Task directions:
Beginning with the line that includes "Load image into", return every remaining line of the material exactly as it reads, but not the pictures.

Task input:

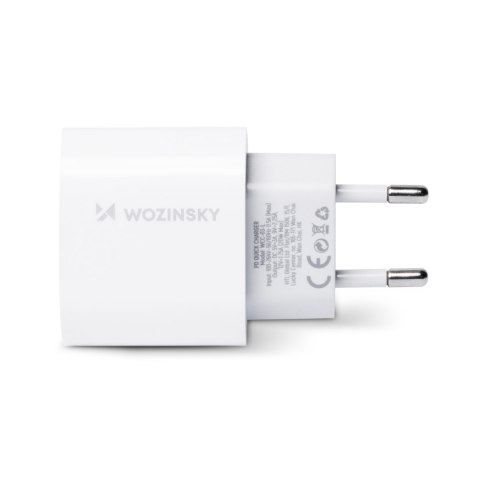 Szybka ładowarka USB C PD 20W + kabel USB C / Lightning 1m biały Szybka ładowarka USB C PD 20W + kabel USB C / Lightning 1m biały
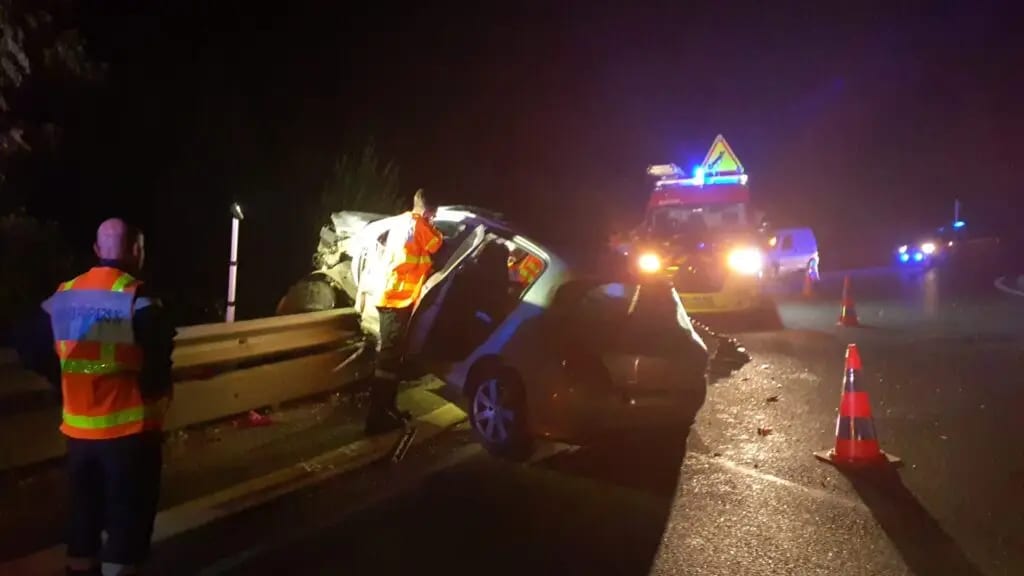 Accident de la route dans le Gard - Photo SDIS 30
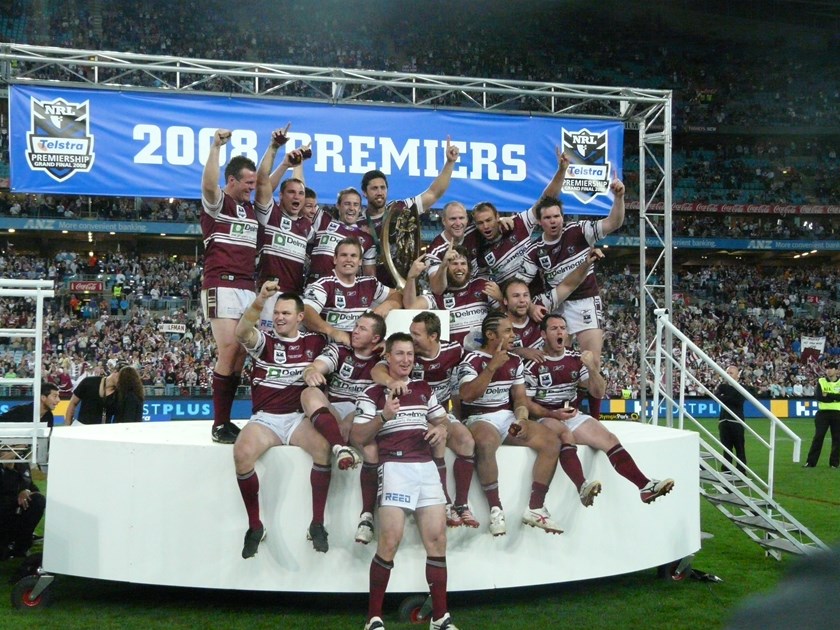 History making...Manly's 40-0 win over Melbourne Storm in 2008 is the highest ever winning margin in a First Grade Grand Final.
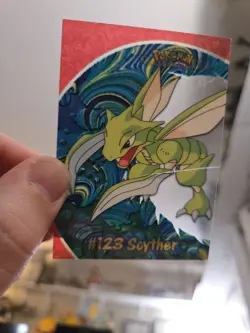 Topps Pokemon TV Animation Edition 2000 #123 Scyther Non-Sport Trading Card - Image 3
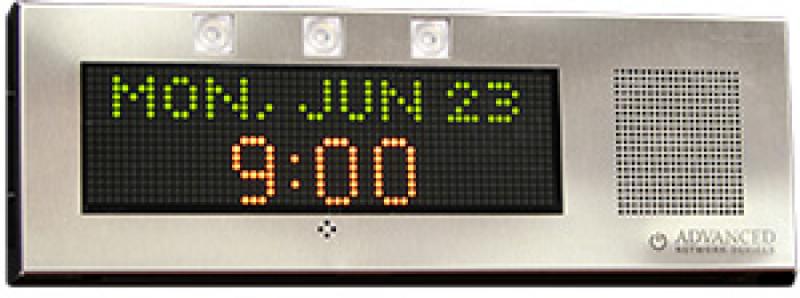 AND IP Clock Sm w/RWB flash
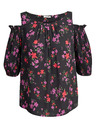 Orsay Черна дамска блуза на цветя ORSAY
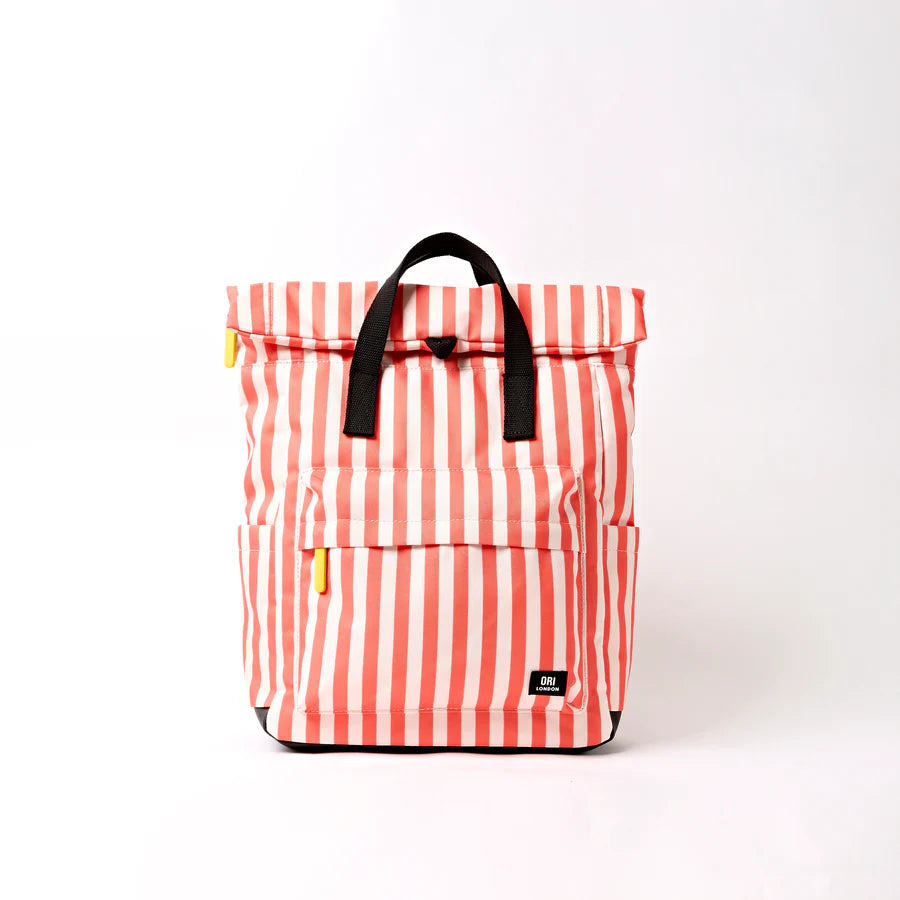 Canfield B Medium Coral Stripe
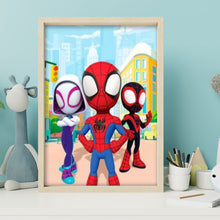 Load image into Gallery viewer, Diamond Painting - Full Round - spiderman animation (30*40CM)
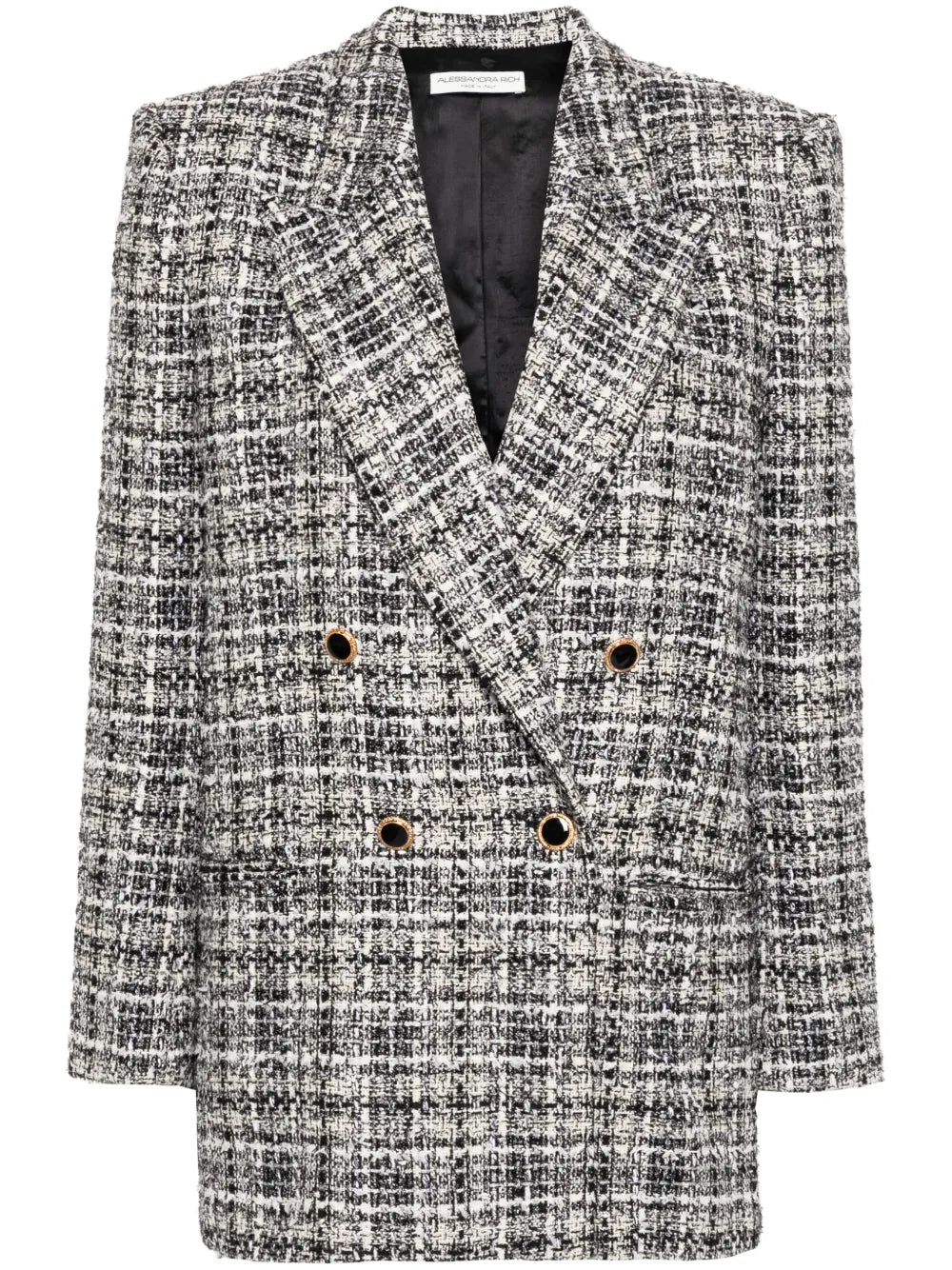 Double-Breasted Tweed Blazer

Solution to this task:
 Load image into Gallery viewer, Diamond Painting - Full Round - spiderman animation (30*40CM)
 Double-Breasted Tweed Blazer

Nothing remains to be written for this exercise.